Например, личностная истероидность будет заключаться в том, что человек живет на сцене, но не для окружающих реальных зрителей, а для значимых внутренних. Почти любое действие, совершаемое им, получает свой комментарий и оценку со стороны внутренних зрителей, и человек всецело ориентируется на производимое на них впечатление. Так некоторые взрослые всю жизнь живут во внутреннем диалоге-отчете со своими родителями или иными значимыми лицами. С одной стороны, через этот механизм реализуется то, что Э. Берн называл сценарием жизни, с другой стороны, осуществляется один из способов личностного роста через непрестанное собеседование со своим внутренним Учителем. Такие люди редко бывают наедине с самими собой в тишине и одиночестве своей души. Психолог А. Ф. Копьев касается данного вопроса, разбирая защиты клиентов, имитирующие серьезную психологическую работу. А. Ф. Копьев пишет об эстетическом оправдании собственных проблем. Человек как бы «носит в себе двойника, стремящегося в любом моменте оправдать его, отметить уникальность его переживаний, безусловную ценность его «комплексов» и готового с презрением отнестись ко всякому, кто не способен это понять и оценить. Особенно следует подчеркнуть, что в большинстве этих случаев речь не идет о проявлениях истероидного типа акцентуации характера…» /157, с. 45/. Действительно, речь не идет о психофизиологическом инфантилизме с ярким эгоцентризмом. Как раз чаще к полифонисту, шизоиду, психастенику подходят слова П. Б. Ганнушкина: «Собственная психика является для него как бы театром, где разыгрываются сцены какой-то идеологической комедии, на представлении которой он сам присутствует в качестве далеко не безучастного зрителя» /4, с. 25/. По-своему эту тему развивал М. М. Бахтин, говоря об одержимости другим /158, с. 133/.

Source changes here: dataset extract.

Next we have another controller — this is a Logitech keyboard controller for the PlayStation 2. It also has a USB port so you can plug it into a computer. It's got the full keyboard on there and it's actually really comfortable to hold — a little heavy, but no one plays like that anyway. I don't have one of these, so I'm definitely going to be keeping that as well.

Под личностной психастенией может пониматься неспособность человека к самостоятельному духовному развитию, рождению творческой уникальности из глубин собственного существа. Именно только в этом смысле корректны высказывания ряда психологов, что А. Гитлер был психастеником. Ему, как и другим духовно «немощным», были нужны враги, разрушение, кумиры, фанатические идеи, суррогаты власти. Отмечу, что психастеник, как он понимается в клинической характерологии, нередко способен на духовное рождение самого себя и испытывает антипатию к разрушению и властвованию. У Гитлера же, скорее всего, отмечалась психопатоподобная шизофрения.

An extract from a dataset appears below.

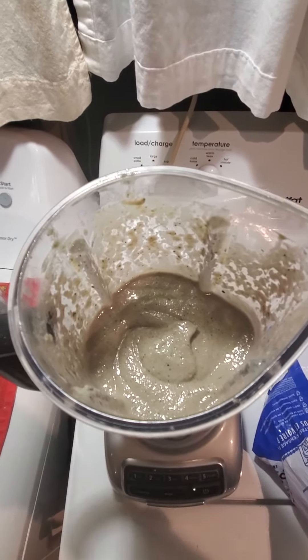Perfect, just the way I like it. Now I'm just gonna pour it into my cup here — it'll be good to go.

Личностная естественность характеризуется умением человека, отказываясь от ролей и масок, оставаться самим собой. Она свойственна не только циклоидам.
Личностная авторитарность проявляется у людей с фрустрированным авторитетом, старающихся вызвать уважение к себе насильственным способом. Подобное может проявляться у человека любого характера и кардинально отличается от эпилептоидной авторитарности, укорененной в дисфорической прямолинейности психики.

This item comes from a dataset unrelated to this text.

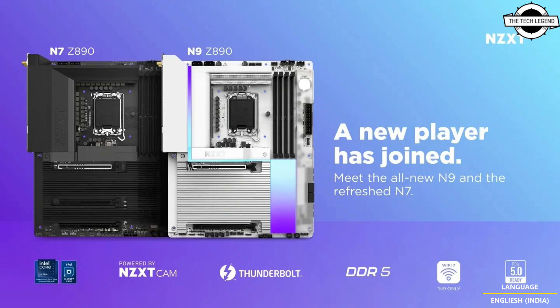The Z890 N7 is positioned as the more budget-friendly option, utilizing a 16+1+2 phase power design with T8 DrMOS, while maintaining four DDR5 slots and optimized for cost efficiency without compromising essential performance parameters.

Личностная детскость (инфантилизм) имеет, по крайней мере, два значения. Первое — стать ребенком, как это понимается в Евангелии, когда говорится о детской чистоте и смиренности, к которой призываются взрослые. Второе — возврат к детской легкости души, способности удивляться, спонтанности, умению откликаться на новое и интересное, воспринимать мир первозданно, ясно, живо, свежо, не путая это восприятие с дискретно-логическим знанием о мире (дзен-буддистская составляющая многих психотерапевтических методик). Хочется отметить, что в обыденном словоупотреблении под инфантильностью обычно разумеют малую способность делать карьеру, деньги, ориентироваться в «рычагах» достижения социального успеха, который становится идолом современной жизни. Это обывательское представление об инфантилизме лежит в социальной плоскости и не является идентичным как личностному, так и характерологическому инфантилизму.